Whitechapel Gallery ist zwar kein Museum, doch ich möchte Dir die hippe Galerie im East End auf jeden Fall mit auf den Weg geben.

Aufstrebende Künstler werden hier ausgestellt und die Atmosphäre gefällt mir. Die Galerie ist anders und hat glücklicherweise nicht viel mit deutschen Galerien zu tun – die gähnend leer und oft sehr langweilig sind. Hier kommt man hin, kann sich in Ruhe umschauen und den Besuch mit einem Glas Wein kombinieren. Verschiedene Touren wie Walk Tours oder eine Bus Tour sind in meinen Augen innovativ und eine ideale Gelegenheit andere Kunstliebhaber kennen zu lernen. So macht Kunst auf jeden Fall Spaß!
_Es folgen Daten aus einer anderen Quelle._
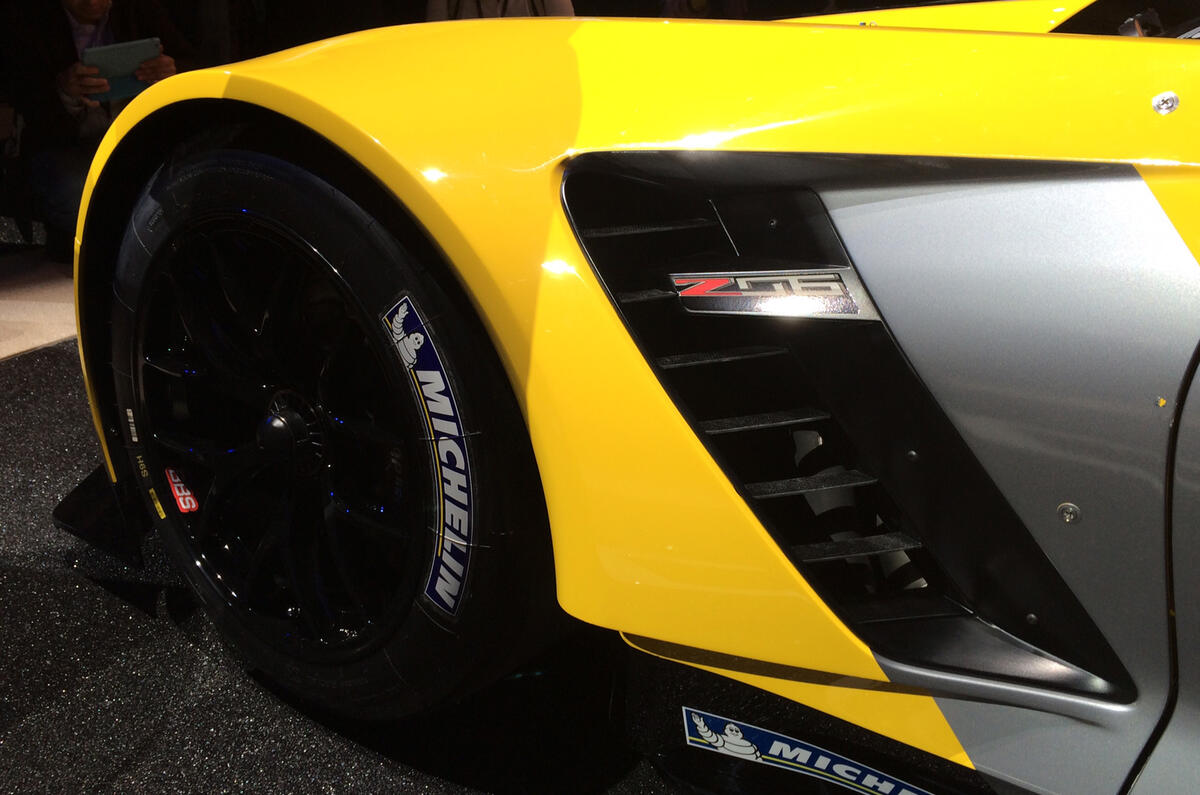 no title Corvette C7.R revealed at Detroit motor show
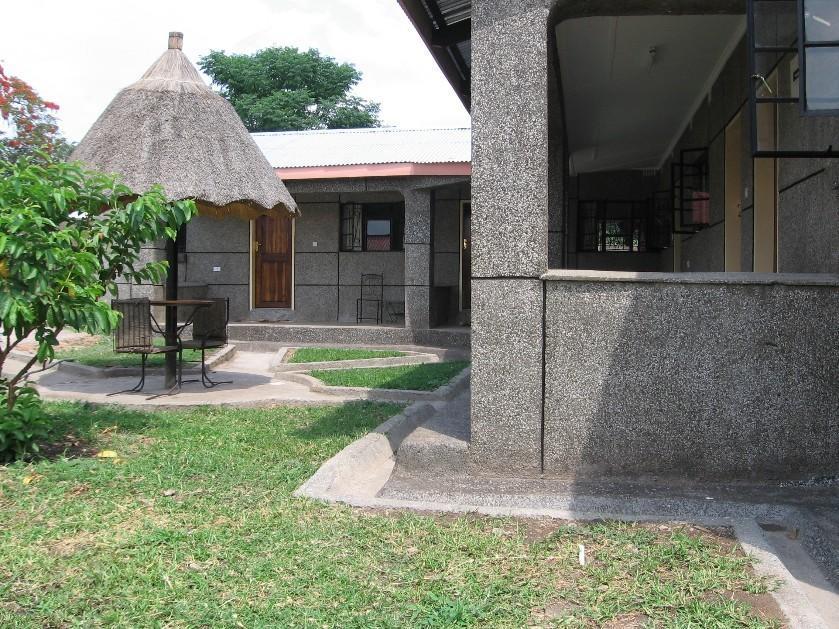 The Stone Guest House Livingstone Exterior foto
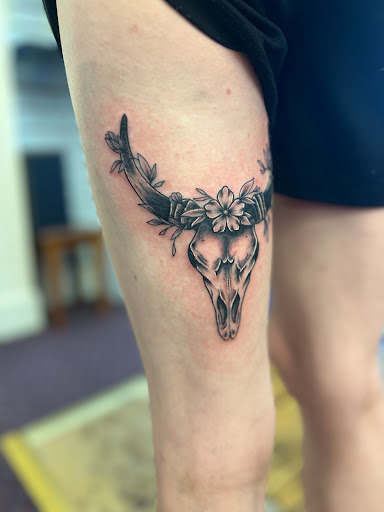 Explore dave matthews tattoo ideas, creative tattoo ideas in Eureka Springs, available at Sailors Luck Tattoo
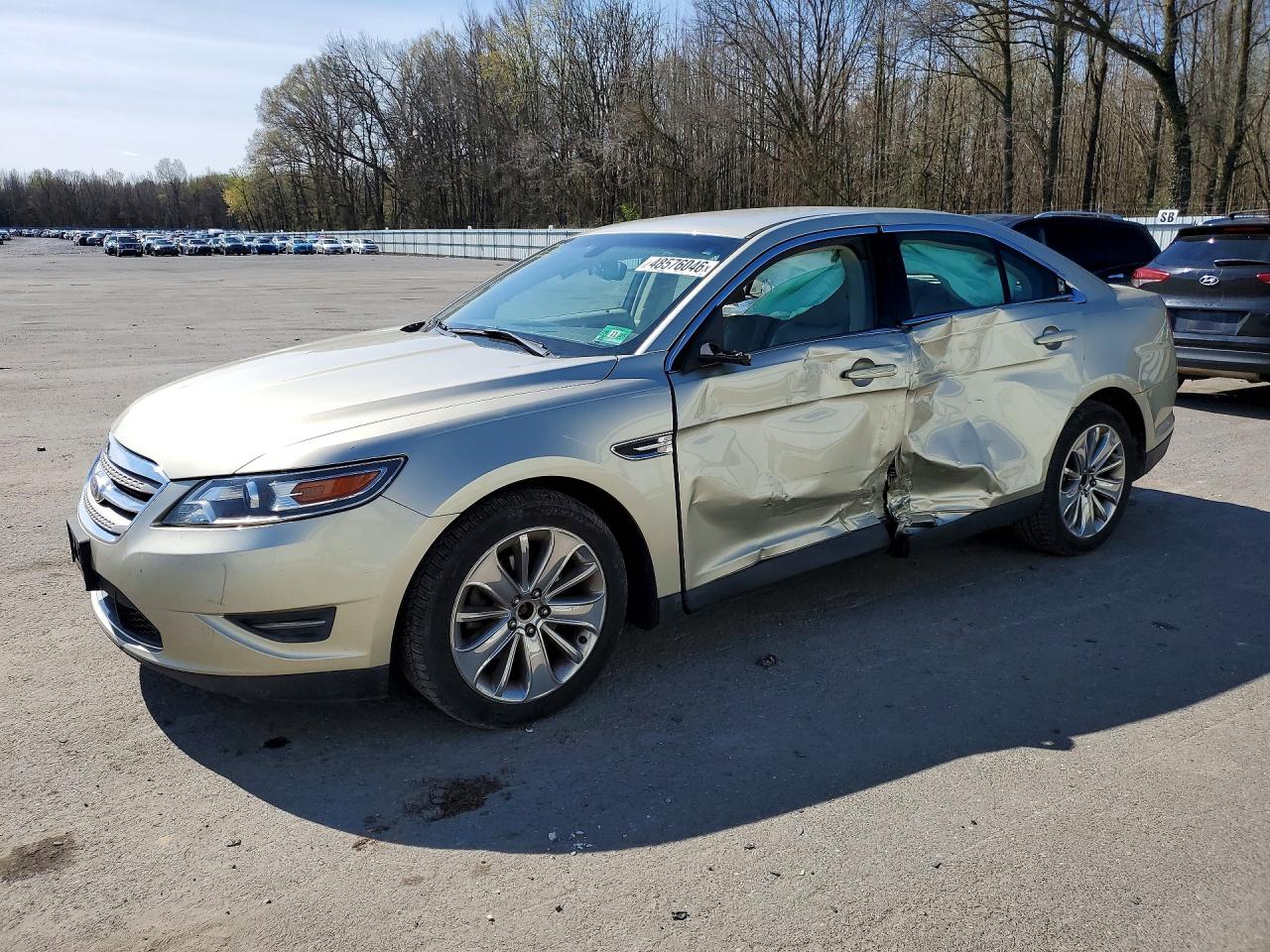 Salvage Ford Taurus Image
Informationen zur Whitechapel findest Du hier: whitechapelgallery.org

 

Im Anschluss kannst Du weiter East London erkunden. In diesem Artikel stelle ich Dir meine Eindrücke von der Street Art im East End vor.

 

Lektüre für Deinen Museumsbesuch und Übernachtungstipp

London Übernachtungstipp

Hotelzimmer mit Blick auf Kensington Gardens, mein Reiseführer, Notizheft, App von Visit London und #mirrorselfie.

 

Im Reiseführer London von DuMont* gibt es 15 Wege zum Eintauchen in die Stadt, darunter auch Vorschläge für Museumsbesuche. Wenn es darum geht, moderne Kunst verstehen zu wollen, setze ich auf Will Gombertz und sein Buch „Was gibt’s zu sehen?“.

 

Lektüre-Empfehlungen zu Kunst in London habe ich Dir auf amazon* zusammengestellt.  

 

Bei meinem letzten London Trip habe ich im Hilton London Hyde Park* übernachtet. Die Anbindung ist ideal und bei Sonnenschein bietet sich ein ausgiebiger Spaziergang durch den gegenüberliegenden Park an. Notting Hill und mein Lieblings-Kino ist auch nicht weit entfernt – das Electric Cinema.

 

Buche Deine Unterkunft in London auf booking.com*.

 

 

Weitere Museumstipps für London

Wie ich zu Beginn des Artikels erwähnte, bietet London etwa 200 Museen und zahlreiche Galerien. Alle aufzulisten werde ich nicht gerecht. Doch ich verrate Dir, welche Museen ich bei meinen nächsten Reisen nach London unbedingt besuchen möchte:

  • Tate Britain: In den Stadtteil Pimlico an die Millbank habe ich es nicht geschafft, doch die Sammlung britischer Kunst steht bei mir ganz weit oben auf der Wunschliste. Mit dem Tate Boat kann man von den Tate Modern zu Tate Britain schippern und umgekehrt (alle 40 Minuten während der Öffnungszeiten, Kosten etwa 6,50 britische Pfund).
  • National Gallery: Die bedeutende Gemäldegalerie am Trafalgar Square passte bei meiner letzten London Reise einfach nicht mehr in meinen Zeitplan. Hier dreht sich um westeuropäische Kunst.
  • Museum of London: Das Stadtmuseum von London sollte man sich sicherlich einmal anschauen. Es behandelt die gesamte Stadtgeschichte von der Steinzeit bis heute.
  • Natural History Museum: Direkt gegenüber des V & A liegt das Natural History Museum. Sicherlich sind Dir die riesigen Dinosaurier-Skelette aus diversen Filmen bekannt, oder? Steht ebenfalls auf meiner Must-See-Liste.

 

Hast Du schon Museen in London besucht? Welche Tipps hast Du?